West loves to experiment with drums and “Robocop’s” is no exception as it reminds me of a transformer getting ready for battle. ESPN’s most popular blogger (sorry Bill Simmons), Lil’ Wayne drops some Lil’ Wayneisms on “Tell Everybody That You Know” while Young Jeezy ad libs his way through the stop and start sounds of the 12-minute “Amazing.” “Coldest Winter” will be piping through headphones wrapped under skullys, touks, hoodies, and earmuffs all season long.

Heartbreak is the antithesis of Kanye West. He’s the pampered SUPERSTAR who Ja Ruled 50 Cent to become the biggest artist in the world right now. Heartbreak screams one million sold first week and a Grammy Awards sweep (place your bets now).The genius of Heartbreak is that it could have also been made by your 15-year old neighbor who posts his every keystroke or MIDI mess up on the Internet for all to see. Like Kobe Bryant jumping over the snake-filled pool to dunk the ball in the YouTube video, Heartbreak is a high risk gamble into lo-fi territory. That’s why he’s Kanye West and you’re not.



I love the superrich. Hell, they even voted for Mr. O and he promised to raise their taxes. But Kanye…He’s super super retarded rich. I mean, he beat 50 Cents last year. Badly. I mean, I’m not sure if 50’s album is coming out before the end of the year, but have you heard a single from it? Kanyeezy got it. Even if you don’t like the depressed vodocoder, you’ve got to give him a bit of credit for doing what the funk he wants to do. If you haven’t heard it all, then go here.  New music Tuesdays bieeeeeooootch.
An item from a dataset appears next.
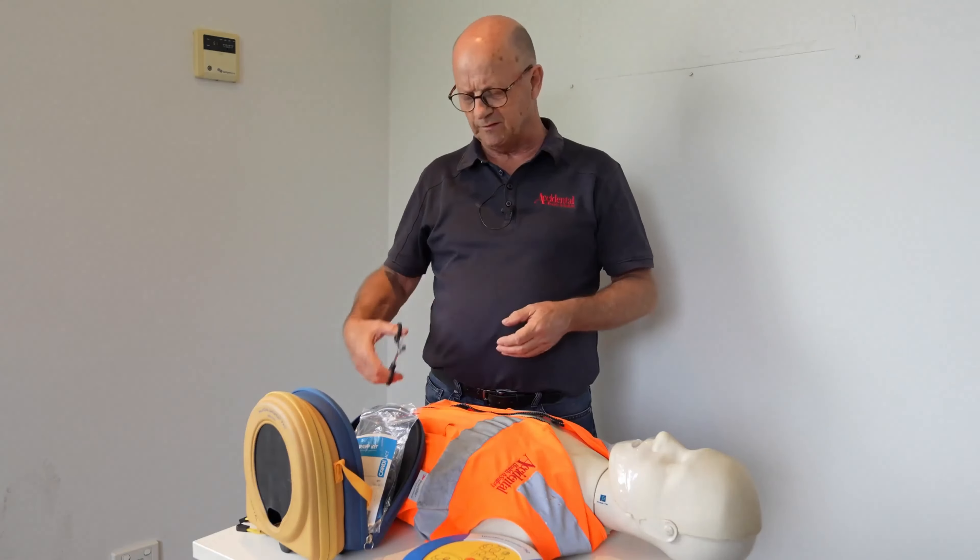Now we have the electrodes or pads exposed, and as you can see there are pictures showing the actual placement. Apply pads to the patient's bare chest as shown in the picture, pressing pads firmly to the patient's bare skin. This one goes on the left side as shown in the picture, and this one on the top right side.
Need something to read while you judge the 808s? Get off the computer and get a book. For real. But if you’re too lazy to leave the crib, here is some words that will 

The Irony that Chinese Democracy is not allowed in China

Malcolm Gladwell’s New Theory Outlier

Overused Samples in Hip-Hop

Don’t like reading? Need something interesting to watch? Dark Days. Trust me.
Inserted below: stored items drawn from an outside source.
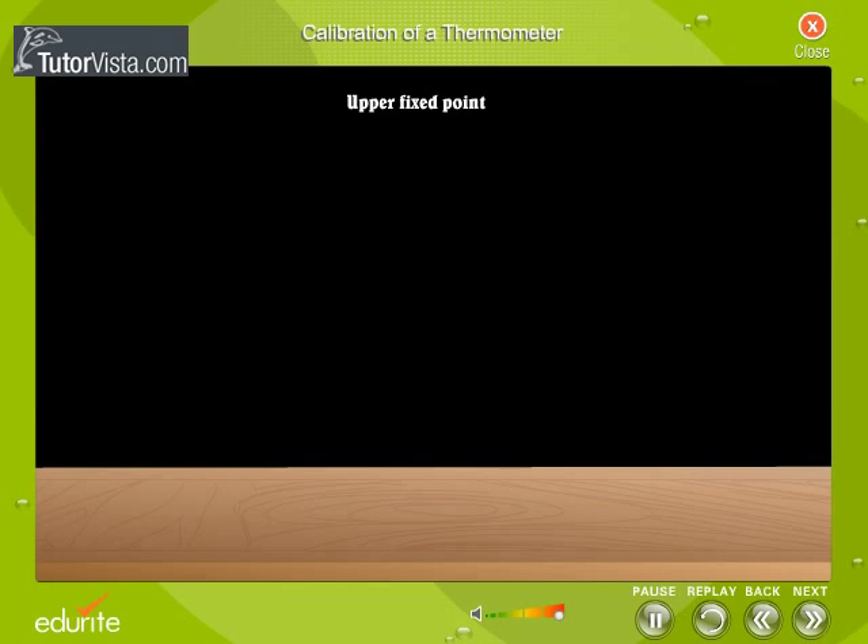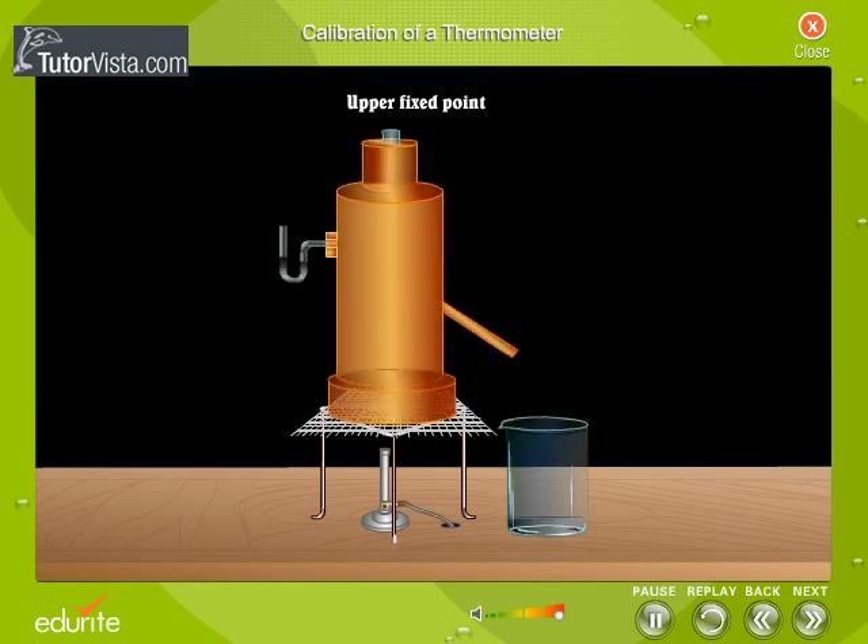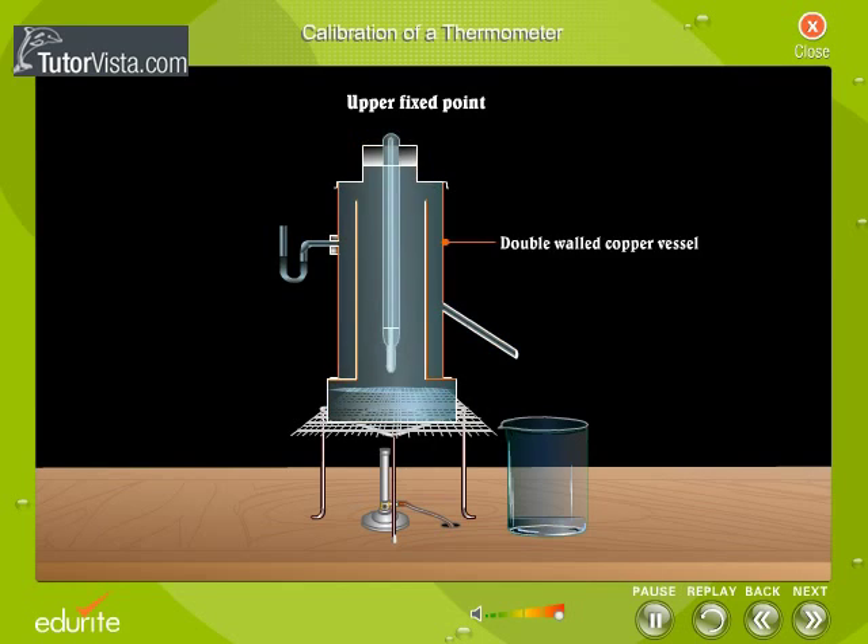Now let us see how the upper fixed point is marked on the stem. The apparatus used to mark the upper fixed point is known as the Hypsometer. The Hypsometer is a double-walled copper vessel having two side tubes — one for the steam to escape and the other for a manometer.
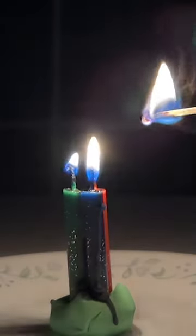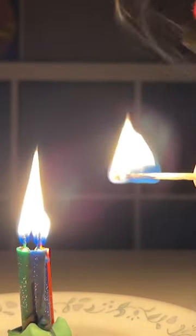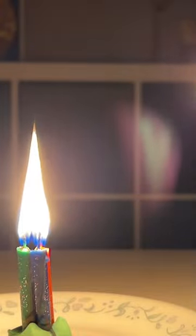This is such a cool experiment. When I light the candle, the heat from the flame vaporizes and melts the candle wax. Then when I blow out the candle, there's still a little bit of vaporized wax that's in the air.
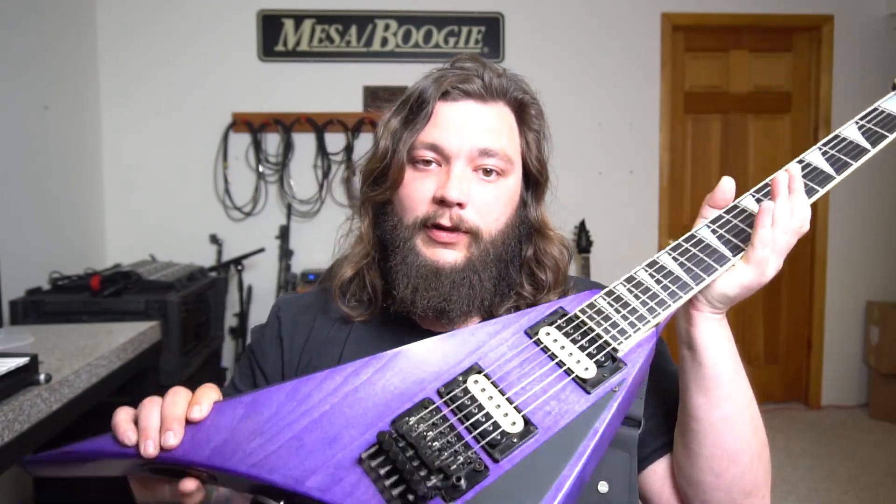Hello everyone, thank you for tuning in to the first official gear review video on That Local Guitarist. Today we're going to be looking at some pickups from Dominger Custom Pickups. This is the Warlord set.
Don’t forget. We are going to have a new High Heels and Hi-Tops Jam on Dec 5th (Friday night)at Deep Passion. We’ve got tickets that get everyone in $100 off the normal fee. ($600 men $300 ladies) All you can drank. Back room edition. If you like the poppy hip-hop, then the big room is for you. If you want some real shiiiiiieeeeet, the Backroom is your spot. It’s a win-win situation.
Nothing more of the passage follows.